Cerebral blood flow rates in recent great apes are greater than in Australopithecus species that had equal or larger brains
Brain metabolic rate (MR) is linked mainly to the cost of synaptic activity, so may be a better correlate of cognitive ability than brain size alone. Among primates, the sizes of arterial foramina in recent and fossil skulls can be used to evaluate brain blood flow rate, which is proportional to brain MR. We use this approach to calculate flow rate in the internal carotid arteries (Q˙ICA), which supply most of the primate cerebrum. Q˙ICA is up to two times higher in recent gorillas, chimpanzees and orangutans compared with 3-million-year-old australopithecine human relatives, which had equal or larger brains. The scaling relationships between Q˙ICA and brain volume (Vbr) show exponents of 1.03 across 44 species of living haplorhine primates and 1.41 across 12 species of fossil hominins. Thus, the evolutionary trajectory for brain perfusion is much steeper among ancestral hominins than would be predicted from living primates. Between 4.4-million-year-old Ardipithecus and Homo sapiens, Vbr increased 4.7-fold, but Q˙ICA increased 9.3-fold, indicating an approximate doubling of metabolic intensity of brain tissue. By contrast, Q˙ICA is proportional to Vbr among haplorhine primates, suggesting a constant volume-specific brain MR.
Large brains don't equate to intelligence, else sperm whales would be about 6 times more intelligent than us. A better measurement is brain to body ratio, and it seems to work fairly consistently across the mammals.
Another plausible measurement of the potential for intelligence is the rate of synaptic activity, but that can be harder to measure, particularly for extinct animals.
Measurements of modern humans show that a) although our brains are only approx. 2% of our body weight, they use as much as 20% of energy in the body and ii) that our brains use 70% of their energy on synaptic activity, and the availability of that energy is directly related to the volume of oxygen rich blood, of which 15% of all the blood the heart pumps goes to the brain.

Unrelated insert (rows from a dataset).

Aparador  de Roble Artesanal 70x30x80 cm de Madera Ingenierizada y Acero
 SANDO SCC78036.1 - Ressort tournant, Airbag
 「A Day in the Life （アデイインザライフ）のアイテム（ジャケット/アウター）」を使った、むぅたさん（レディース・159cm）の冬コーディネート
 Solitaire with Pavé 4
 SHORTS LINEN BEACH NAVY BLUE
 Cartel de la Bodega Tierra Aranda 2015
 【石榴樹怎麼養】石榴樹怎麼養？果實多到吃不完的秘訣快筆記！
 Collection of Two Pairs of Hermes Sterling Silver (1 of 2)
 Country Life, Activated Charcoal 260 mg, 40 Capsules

Consequently, the delivery rate of oxygen rich blood presents a ceiling on potential synaptic activity.
This study then shows that modern great apes (hominids) have a potential higher supply of blood entering the brain due to the size of the arterial foramina - the holes in the skull through which the internal carotid arteries pass - than the australopithecines.
The potential cerebral blood flow in A. afarensis was approximately half of a modern gorilla and gorillas have low brain to body ratios, meaning that even though they're the least intelligent of the great apes, they're potentially significantly more intelligent than the australopithecines.